As the story has it, one day I headed to the opposite side of the globe – the Flipside. I arrived in Korea February 16th, 2005 and thought I’d do a year, then leave. I was wrong. I stayed, launched my first company, Flipside Fitness, and then opened Korea's largest boxing club, Hulk's Boxing (now called Hulk's Club).

After 11.5yrs in Korea, I then picked up one day and returned to Toronto, Canada. But then I left again.

Now I live in the Philippines where I am the CEO and head coach of Empowered Clubhouse, the Philippines' first and only boxing clubhouse exclusively just for women. I also am the founder of the Lil' Sistas Project, CEO and designer of Slay Gear and Baa Baa Black Sheep .Ph.

Wednesday, November 21, 2018

My Mess Ups... Wednesday, November 21

To be an “empowered woman” means to have the confidence to really own who and what you are and that’s exactly what my company, Empowered Clubhouse, is founded on. Empowered aims to make a community of strong, empowered women by enabling women to become more empowered and “health happy” via physical training opportunities like boxing and functional weight training, as well as socials, seminars and a network hub of businesses and services. Empowered women empower women but we also empower little girls, our Lil’ Sistas, through our Lil’ Sistas Project -- a community outreach project for underprivileged girls, many of which are orphans, runaways or human sex trafficking survivors. 

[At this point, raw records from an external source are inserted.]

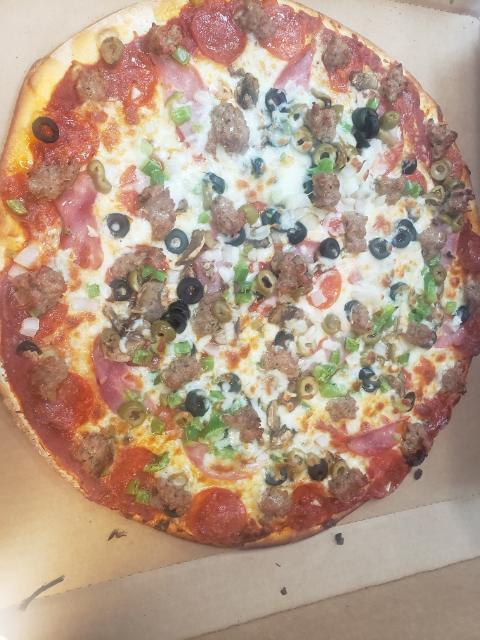 16'' Jumbo Deluxe Pizza · Our signature marinara sauce, mozzarella cheese, Canadian bacon, pepperoni, fresh mushrooms, black olives, green olives, white onions, green peppers, Italian sausage, and topped off with more mozzarella cheese.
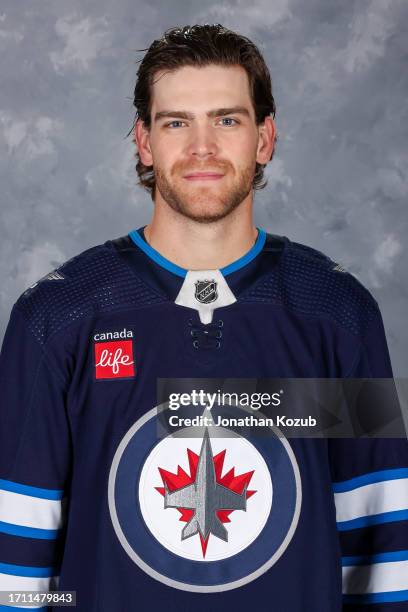 Adam Lowry of the Winnipeg Jets poses for his official headshot for the 2023-2024 season on September 20, 2023 at Hockey For All Centre in Winnipeg,...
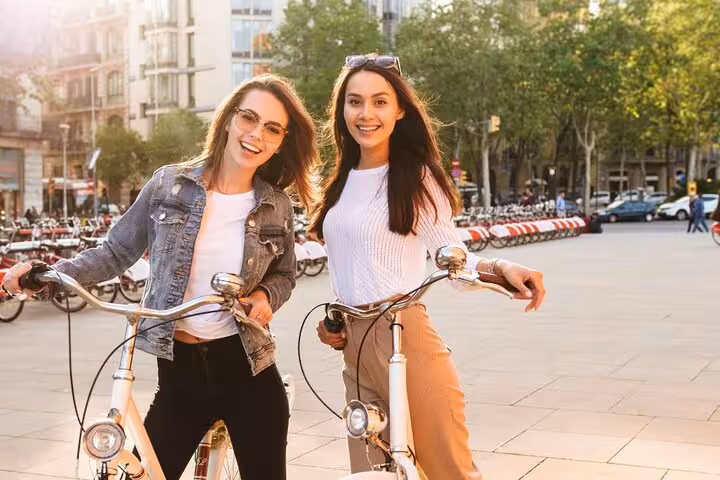 Friends posing with bikes in Paris before a Seine River bicycle tour, with optional Louvre entrance ticket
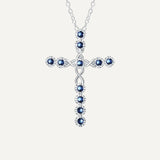 Kreuzanhänger mit blauen Zirkon-Kristallen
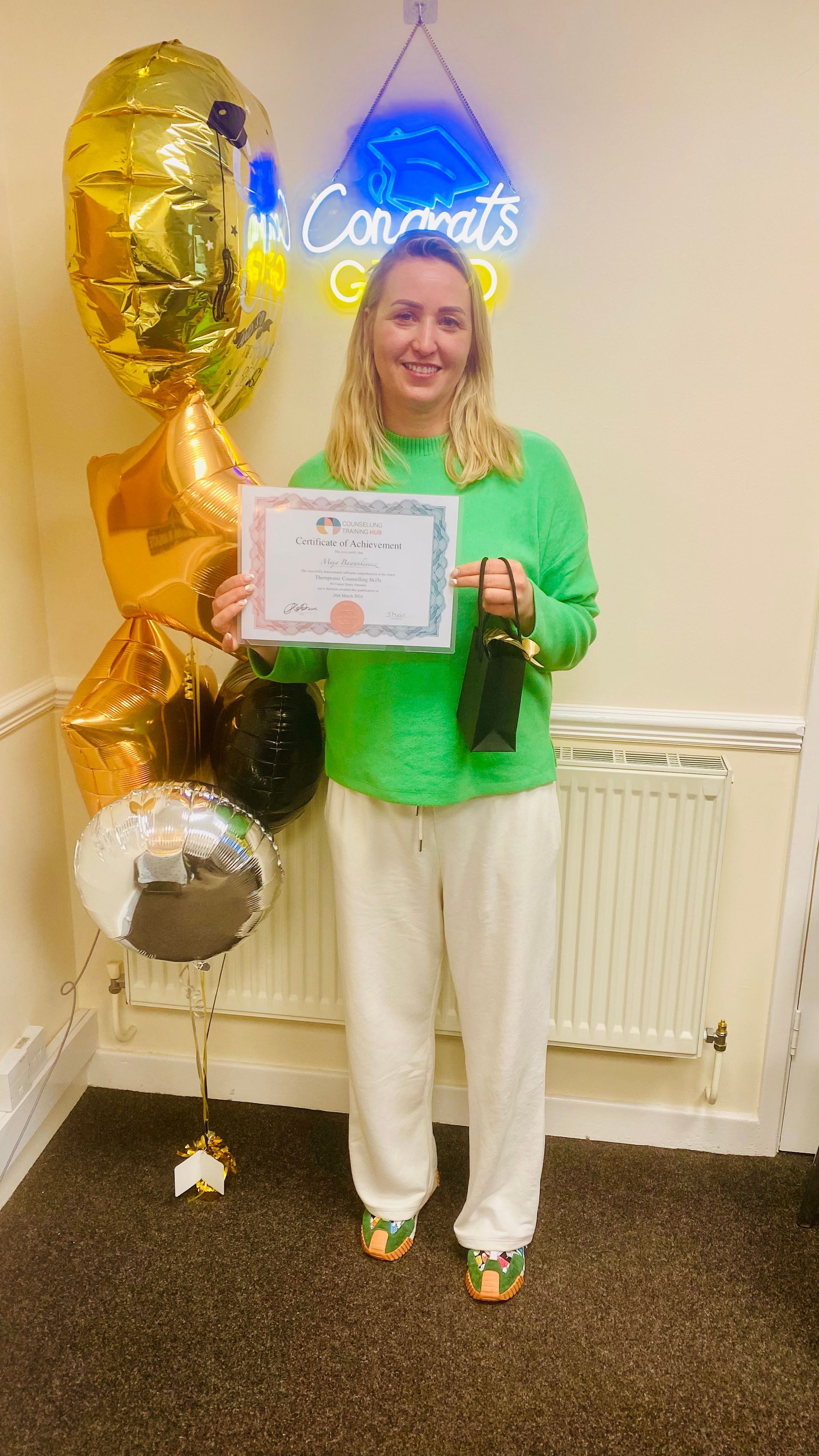 Woman in green sweater and white pants, holding a certificate. Balloons and 
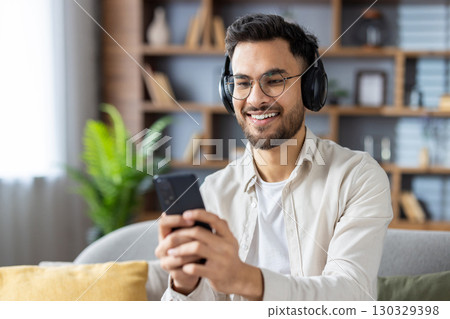 Smiling man wearing headphones using smartphone, possibly enjoying music or chatting online. Seated on couch in cozy home environment, expressing relaxation and enjoyment. Smiling man wearing headphones using smartphone, possibly enjoying music or chatting online. Seated on couch in cozy home environment, expressing relaxation and enjoyment. 130329398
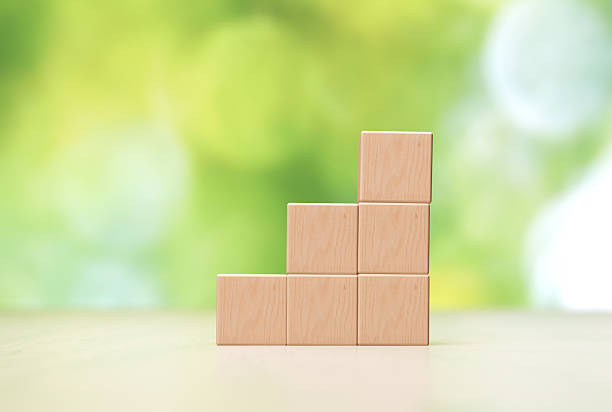 istock Stacked Wooden Blocks on Light Background With Blurred Greenery During Daylight 2228161520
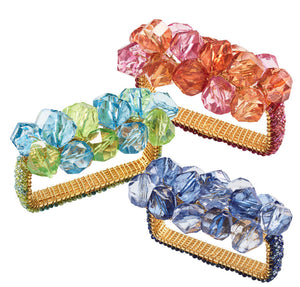 Three rectangular Kim Seybert Pop Rocks Napkin Rings feature gold bands with clusters of large faceted beads in pink-orange, blue-green, and light blue-purple, creating a sparkling, bejeweled design.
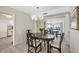 Dining room with table, chairs, chandelier, and view to living area and ocean at 101 Benjamin Franklin Dr # 63, Sarasota, FL 34236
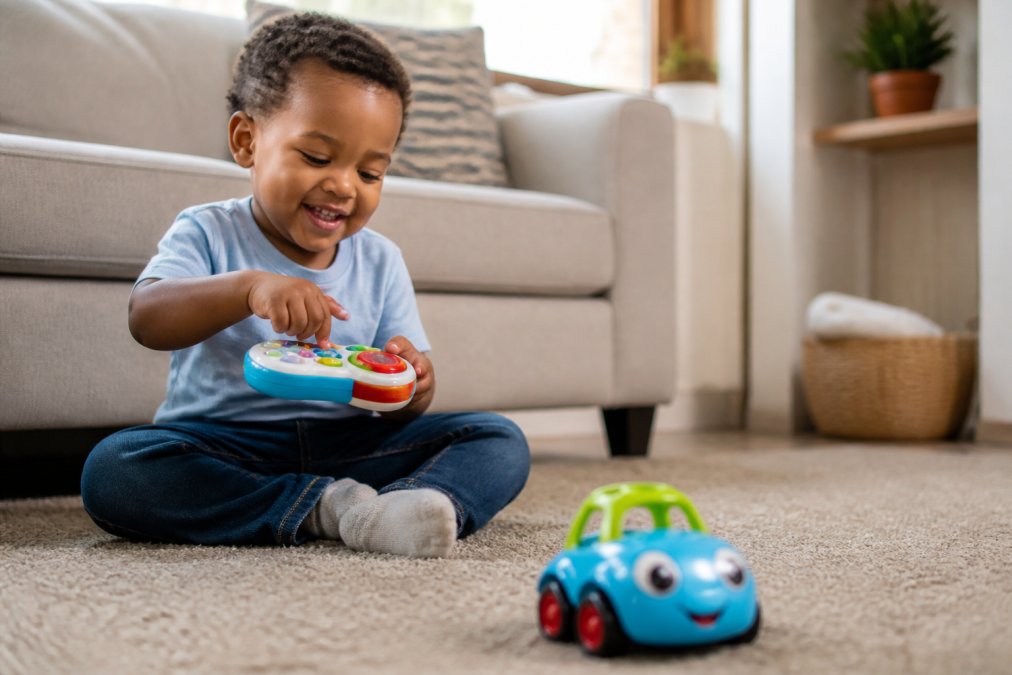 A young child sitting on a living room floor, smiling and pressing buttons on a colourful toy remote control, with a small toy car nearby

Okay, so that's my rainbows and unicorns, pretty company overview but what about my f-ups?

My f-ups with launching Empowered…

1. Moving too fast.
2. Taking directions from those who have never been where I wanted to go.
3. Taking on the wrong partner.
4. Expecting it to go like how my other businesses went in Korea. 
5. Selling myself short with my price point and in offering free bootcamps.
6. Doing "bootcamps" as oppose to focusing on my sport, boxing... like BoxHIIT.
7. Having such a set idea with how I thought it’d be.

I think my biggest f-up was with having such a stubborn idea on how I thought my business should be and mapping it out accordingly. I’m all about goals and planning things, so when things didn’t work out and I was forced to adapt, it was really hard to accept. I had to be flexible or risk breaking.  Now a year later, my company is nothing like how I first envisioned it to be but I’m more than happy for that. The company vision is still the same but the execution of it is so different and it’s taken on this whole new humanitarian path that I'm loving.